II. Karabağ Savaşı sonrası barış anlaşmasını imzalamak istemeyen Ermenistan, iki devlet arasında imzalanan ateşkes bildirisinin de yükümlülüklerini defalarca kez ihlal etmiştir. Gerek Karabağ içinde gerek sınır boylarında birçok yasa dışı faaliyetlerde bulunmuş bölgede gerilimi tırmandıracak silahlı saldırılar gerçekleştirmiştir. Bu süreç seyrinde güvenlik zafiyeti artmış ve bölgesel gerilimi durduran 19 Eylül 2023 tarihinde Azerbaycan’ın gerçekleştirdiği antiterör operasyonu olmuştur. Böylece hem Ermeni çetelerinin silahlı faaliyetleri hem de yasadışı maden ve silah kaçakçılığına son verilmiştir. Aslında Avrupa Birliği gözlemci heyetinin bölgede varlığı yanlı rapor tutmanın dışında işlevsiz olup, Ermenistan aksi yönde bir algı yaratma gayreti içerisinde olduğu açıktır.

Ermenistan’ın olası adaylık statüsü bölgesel birçok açmazı beraberinde getirecektir. Paşinyan’dan önceki hükümetlere bakıldığında Rus yanlısı bir politik tutum sergilendiği görülmektedir. Ermenistan’ın bu eksenden kayması Batı için bir fırsat olarak görülmektedir.
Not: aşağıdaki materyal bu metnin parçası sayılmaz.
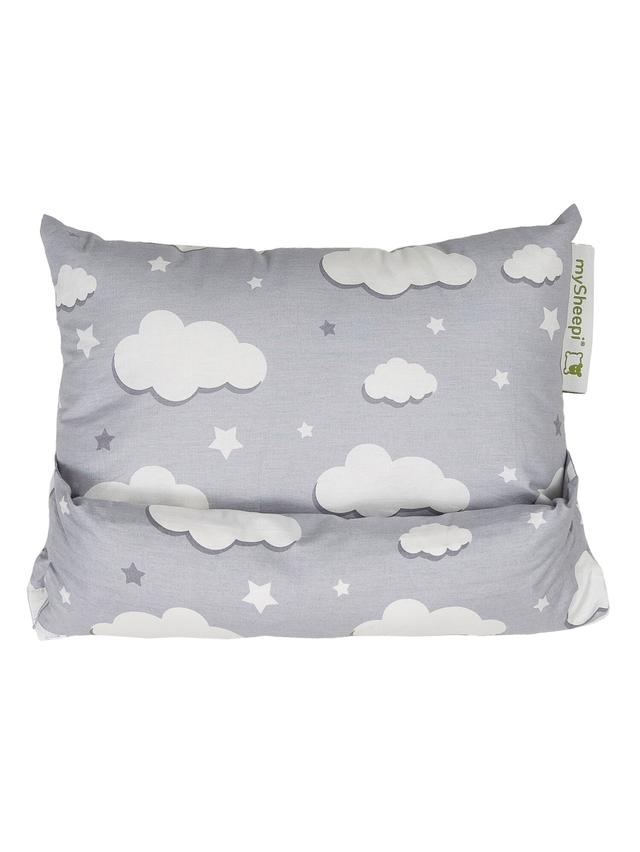 mySheepi KIDS Kopfkissen Premium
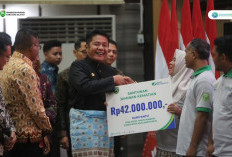 Pekerja Perkebunan Sawit di Sumsel Belum Terlindungi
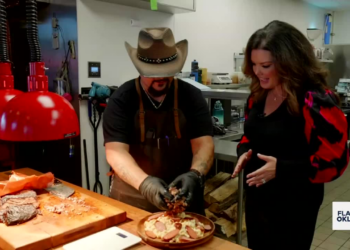 Smokehouse Social brings bold BBQ flavors and entertainment to OKC’s OKANA Resort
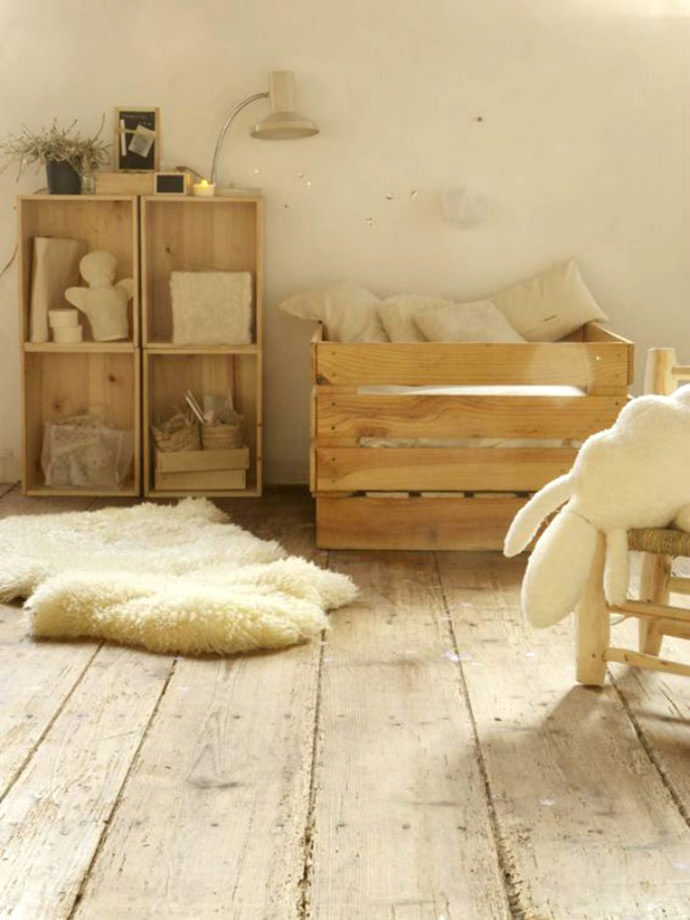 Nursery by Les Petites Emplettes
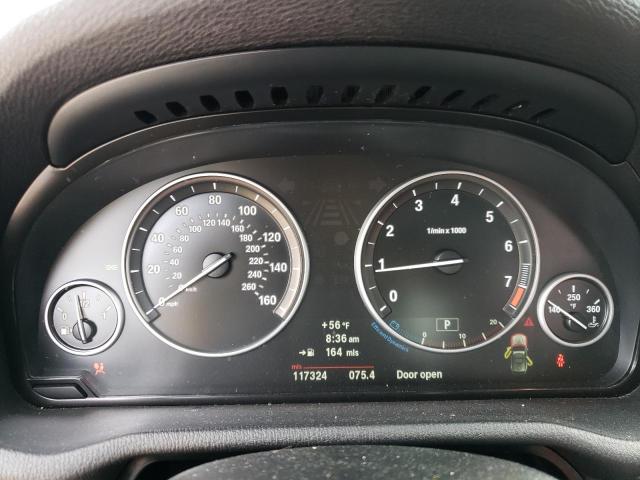 Photo 9 from auction – 2014 BMW X3 XDRIVE3 with VIN 5UXWX7C5XE0E75296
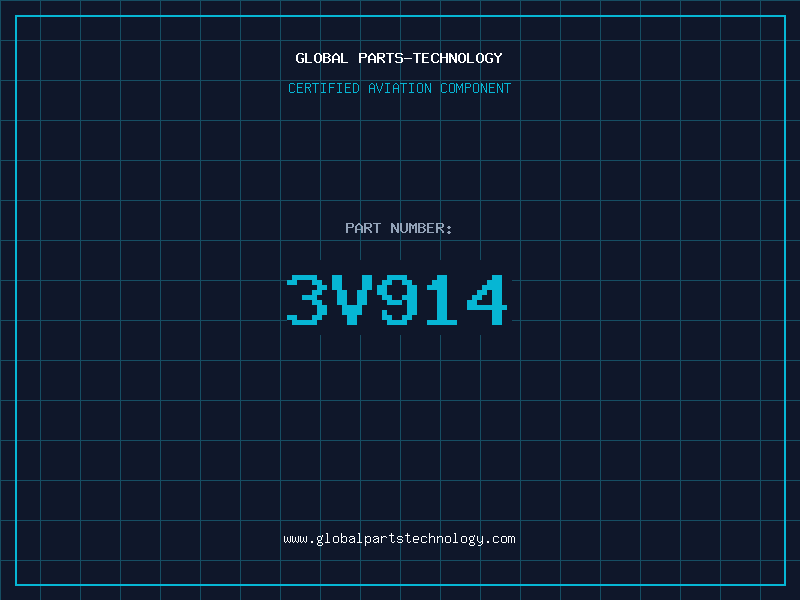 Aviation Part 3V914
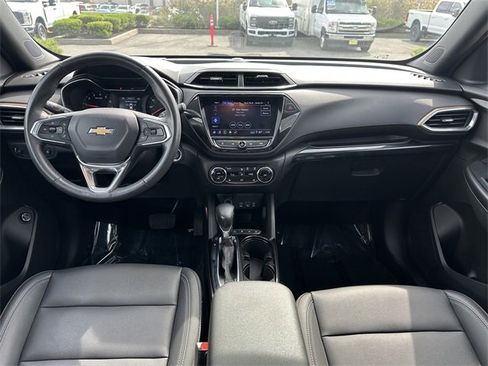 Used 2022 Chevrolet TrailBlazer ACTIV w/ Sun and Liftgate Package image 15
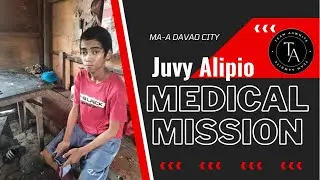 Juvy Alepio's Medical Journey
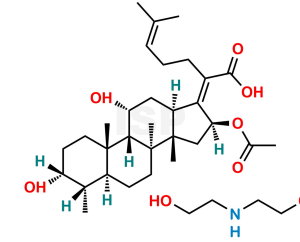 Diethanolamine Fusidate - Image 1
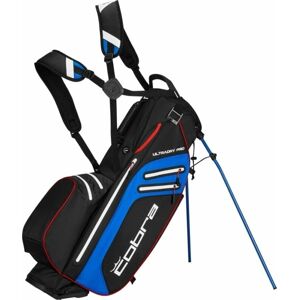 Cobra Golf UltraDry Pro Stand Bag Puma Black/Electric Blue Stand Bag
Çünkü olası adaylık statüsünde AB uyum kapsamında yapılacak reformlar aracılığı ile Batı cephesi hem Rusya’nın bölgesel gücünü kıracak hem de bölgedeki enerji ve ulaşım ağını kontrol etmeye çalışarak Avrupa’ya tahıl, gaz ve yakıt ithalatı kolaylaştırılacaktır. Bu senaryoda Ermenistan ve Gürcistan üzerinden Karadeniz’e bağlanan muhtelif yolların geliştirilebilir ve kapasitesi arttırılabilir.

Ermenistan’ın olası adaylık statüsünün bir başka boyutu da Karabağ meselesinde Ermenistan’ın politik izlencesini ne yönde etkileyebileceğidir. Azerbaycan ve Ermenistan arasında yapılması gereken barış anlaşmasına ilişkin sürece yönelik olumsuz bir tesir edebilmesi kısa vadede çok mümkün görünmemektedir. Çünkü Avrupa Birliği, Azerbaycan özelinde Türk devletlerini karşısına alabilecek potansiyeli henüz bulunmuyor. Ancak Ermenistan olası adaylık statüsü Rusya’nın asırlardır süre gelen Güney Kafkasya’daki nüfuzunu derinden etkileyecektir. Olası adaylık statüsünde Ermenistan’da aksiyon alınması gereken başlıca mesele Rus askeri birliklerinin tasfiye edilmesi olacaktır. Ermenistan'ın ülke çapında garnizonda bulunan tahmini 3.000 Rus askeri birliği bulunmaktadır. Sovyet tarzı askeri üniformaları değiştiren ve NATO’ya uyarlamaya çalışan Erivan hükümeti adaylık statüsünün vereceği sorumlulukla Rus askerini tasfiye etmesi kaçınılmazdır. Gelecekte karşılaşılacak olan bu ve benzeri yükümlülükler, Ukrayna krizinden sonra ikinci bir krize çanak tutacak gelişmelere gebe olacağı beklentilerini doğurmaktadır.